Crawled caption data:

+++

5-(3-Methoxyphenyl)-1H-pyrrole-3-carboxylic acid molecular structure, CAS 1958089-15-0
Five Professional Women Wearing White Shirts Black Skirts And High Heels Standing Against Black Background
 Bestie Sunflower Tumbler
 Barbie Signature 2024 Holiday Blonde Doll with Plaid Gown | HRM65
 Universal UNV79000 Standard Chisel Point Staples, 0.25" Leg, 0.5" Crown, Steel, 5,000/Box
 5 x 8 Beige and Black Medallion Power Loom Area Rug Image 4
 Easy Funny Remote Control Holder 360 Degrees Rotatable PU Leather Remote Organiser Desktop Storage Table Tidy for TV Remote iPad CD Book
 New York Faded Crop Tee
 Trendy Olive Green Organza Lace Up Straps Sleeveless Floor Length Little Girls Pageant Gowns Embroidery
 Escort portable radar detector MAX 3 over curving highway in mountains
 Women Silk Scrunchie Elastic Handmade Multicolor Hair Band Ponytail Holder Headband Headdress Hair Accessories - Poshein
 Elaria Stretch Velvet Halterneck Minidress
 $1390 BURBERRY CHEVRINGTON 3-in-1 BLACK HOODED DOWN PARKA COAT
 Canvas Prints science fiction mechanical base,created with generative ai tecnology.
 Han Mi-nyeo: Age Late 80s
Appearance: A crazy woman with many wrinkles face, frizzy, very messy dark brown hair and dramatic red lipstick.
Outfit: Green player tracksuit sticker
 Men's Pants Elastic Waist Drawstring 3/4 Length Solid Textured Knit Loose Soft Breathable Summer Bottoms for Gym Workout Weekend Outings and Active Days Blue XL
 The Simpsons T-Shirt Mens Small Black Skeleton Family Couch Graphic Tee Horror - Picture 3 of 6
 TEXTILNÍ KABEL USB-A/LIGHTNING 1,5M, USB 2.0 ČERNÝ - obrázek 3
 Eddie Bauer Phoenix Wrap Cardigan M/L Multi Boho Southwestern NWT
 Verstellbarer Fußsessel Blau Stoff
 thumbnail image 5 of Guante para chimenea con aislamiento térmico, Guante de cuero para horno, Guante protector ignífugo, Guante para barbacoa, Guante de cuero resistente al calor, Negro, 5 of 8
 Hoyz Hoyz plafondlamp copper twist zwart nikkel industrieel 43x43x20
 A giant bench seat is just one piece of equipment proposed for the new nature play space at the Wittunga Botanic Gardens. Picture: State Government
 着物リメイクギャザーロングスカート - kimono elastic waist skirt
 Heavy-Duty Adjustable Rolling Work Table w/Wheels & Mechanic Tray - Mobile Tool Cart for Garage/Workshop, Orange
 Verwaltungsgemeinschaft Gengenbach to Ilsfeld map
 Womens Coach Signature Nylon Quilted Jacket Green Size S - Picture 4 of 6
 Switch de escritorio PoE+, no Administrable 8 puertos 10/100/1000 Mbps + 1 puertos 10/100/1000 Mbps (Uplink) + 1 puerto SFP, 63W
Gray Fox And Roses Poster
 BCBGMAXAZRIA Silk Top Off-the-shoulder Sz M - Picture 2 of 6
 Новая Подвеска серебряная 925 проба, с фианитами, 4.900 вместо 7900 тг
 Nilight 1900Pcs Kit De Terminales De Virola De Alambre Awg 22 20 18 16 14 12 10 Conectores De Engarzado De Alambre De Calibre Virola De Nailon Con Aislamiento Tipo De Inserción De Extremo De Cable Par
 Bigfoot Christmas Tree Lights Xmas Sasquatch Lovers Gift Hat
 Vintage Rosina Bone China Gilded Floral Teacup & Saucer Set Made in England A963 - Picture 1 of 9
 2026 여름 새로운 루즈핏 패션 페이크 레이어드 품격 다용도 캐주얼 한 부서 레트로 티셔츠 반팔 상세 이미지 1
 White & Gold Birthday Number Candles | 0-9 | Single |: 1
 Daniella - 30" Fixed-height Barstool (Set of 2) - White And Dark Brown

+++

● **Prompt**:
Of all the entries above, repeat only the lines from the line that has "Men's Pants Elastic" to the line that has "Verstellbarer Fußsessel Blau Stoff", both lines included, exactly.

● **Answer section**:
 Men's Pants Elastic Waist Drawstring 3/4 Length Solid Textured Knit Loose Soft Breathable Summer Bottoms for Gym Workout Weekend Outings and Active Days Blue XL
 The Simpsons T-Shirt Mens Small Black Skeleton Family Couch Graphic Tee Horror - Picture 3 of 6
 TEXTILNÍ KABEL USB-A/LIGHTNING 1,5M, USB 2.0 ČERNÝ - obrázek 3
 Eddie Bauer Phoenix Wrap Cardigan M/L Multi Boho Southwestern NWT
 Verstellbarer Fußsessel Blau Stoff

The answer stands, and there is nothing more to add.